Whatever your political persuasion, I’m sure you heard the update on the Fiscal Cliff and the decisions congress voted to make as this last fiscal year ended. Our debt is at an all time high. No other country comes close. It’s especially interesting to me when you compare what congress did to the typical family in the U.S. or even worse, when you compare it to a college student. What if students had the same over-spending habits that congress practiced in their budget?
Budget Spending by the US Government:
- U.S. Tax revenue: $2,170,000,000,000
- Fed budget: $3,820,000,000,000
- New debt: $ 1,750,000,000,000
- National debt: $14,271,000,000,000
- Recent budget cuts: $ 38,500,000,000
Now, remove 8 zeroes and pretend it’s a college student’s budget:
- Annual income: $21,700
- Money the student spent: $38,200
- New debt on the credit card: $17,500
- Outstanding balance on the credit card: $142,710
- Total budget cuts: $385
To be perfectly honest with you, we can learn some potent leadership lessons from what’s happening in Washington D.C. In all due respect to all three branches of our government, we now see some vivid illustrations of what NOT TO DO as a leader. Here are three fundamental issues and how our government leaders have failed to practice good, healthy leadership:
1. Trust and Betrayal
Leadership operates on the basis of trust. Think about it. Team members follow a leader only as far as they trust them. The American people trusted the congress to guide them well, not lead them to a cliff. The congress now has an 18% approval rating. Why? They have not done their job yet still insist on working about a third of the year, and enjoy more perks that ever.
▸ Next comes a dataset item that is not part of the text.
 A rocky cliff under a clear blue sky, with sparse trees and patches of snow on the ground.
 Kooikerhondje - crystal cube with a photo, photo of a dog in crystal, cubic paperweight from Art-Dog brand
2. Self Awareness and Self-absorption
In the midst of the worst debt we have ever faced—about 16 trillion dollars, the president, vice president and congress just proposed a pay raise for themselves. Pause and think about this. Even if the raise is small, it screams a message they probably don’t want to communicate. Their self-awareness is so low, they seem blinded to their failure to identify with the middle class who are struggling to get by. Isn’t that what they claim they do well?
3. Tomorrow and Today
The financial woes our government leaders have walked us into is nothing short of a moral failure. Pause and think. We have chosen to spend money we don’t really have, borrow against funds that were never intended to be used for what they’re spending it on, and rob from our children and grandchildren. They are the ones who will suffer. We are thieves of tomorrow, so we can enjoy advantages today. We have failed to delay our current gratification. In fact, all congress really did, was postpone the harsh reality they must face.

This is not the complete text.